Duration of Mandate and Rotation

At any general meeting of shareholders, one-third (1/3) of the directors, or, if their number is not the multiple of three, then the number nearest to one-third (1/3), must retire from office. A retiring director is eligible for re-election.

Signatory Rights / Powers of Directors

Under Thai law, all directors of a Private Limited company are treated on the same basis regarding their duties and obligations, notwithstanding of the use of any title (e.g. managing director, nonexecutive director). Pursuant to Thailand statutory law, the directors of a Limited company have unlimited signature rights and powers for any kind of legal transaction or legal act in connection with the administration of the company. The material scope of the signature rights and powers of the directors can neither be restricted by the stipulations of the AOA, nor by shareholder’s resolution vis-à-vis third parties.

According to Thailand statutory law and unless specified otherwise in the AOA, if only one  director is appointed, the director shall represent alone. If more than one director is appointed,  they shall represent the company jointly. However, please note that when appointing any director, the company can grant him sole representation powers.

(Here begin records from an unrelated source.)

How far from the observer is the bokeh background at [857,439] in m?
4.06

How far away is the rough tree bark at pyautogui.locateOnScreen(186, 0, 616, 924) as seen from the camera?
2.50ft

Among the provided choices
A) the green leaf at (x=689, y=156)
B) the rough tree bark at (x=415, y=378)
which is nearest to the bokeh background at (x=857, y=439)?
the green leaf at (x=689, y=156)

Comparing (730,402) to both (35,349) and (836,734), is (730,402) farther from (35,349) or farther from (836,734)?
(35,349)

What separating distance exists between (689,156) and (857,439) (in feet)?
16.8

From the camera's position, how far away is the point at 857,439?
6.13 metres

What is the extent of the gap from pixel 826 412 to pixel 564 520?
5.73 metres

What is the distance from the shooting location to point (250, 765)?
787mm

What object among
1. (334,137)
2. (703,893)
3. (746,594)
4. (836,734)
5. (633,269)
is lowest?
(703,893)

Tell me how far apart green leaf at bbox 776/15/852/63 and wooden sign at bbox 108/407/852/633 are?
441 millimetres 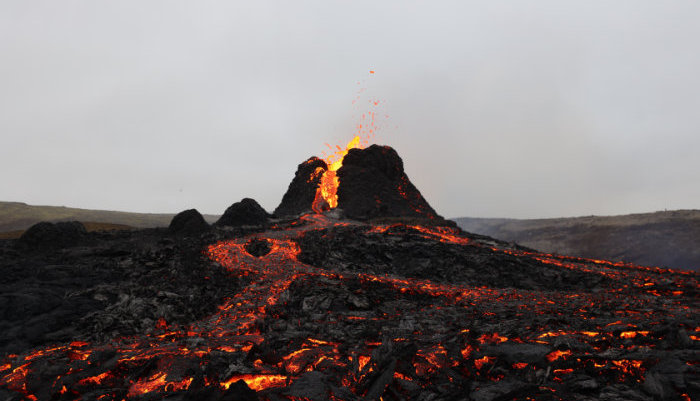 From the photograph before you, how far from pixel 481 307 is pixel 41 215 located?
5859 inches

The CCC provides that decisions on certain matters shall be made by a resolution of shareholders passed at a shareholders’ meeting (e.g. increase of registered capital, amendment of the provisions of the Memorandum of Association or AOA, change of directors, etc.). Additionally, the shareholders, by shareholders’ resolution, could limit the authorities of a director to a certain extent (e.g. actions requiring the prior approval by the shareholders), but this may only have an internal effect; i.e. the director could still carry out these actions with binding effect on the company, vis-à-vis third parties.  Normally, a director would request instructions from the shareholders before undertaking any extraordinary actions.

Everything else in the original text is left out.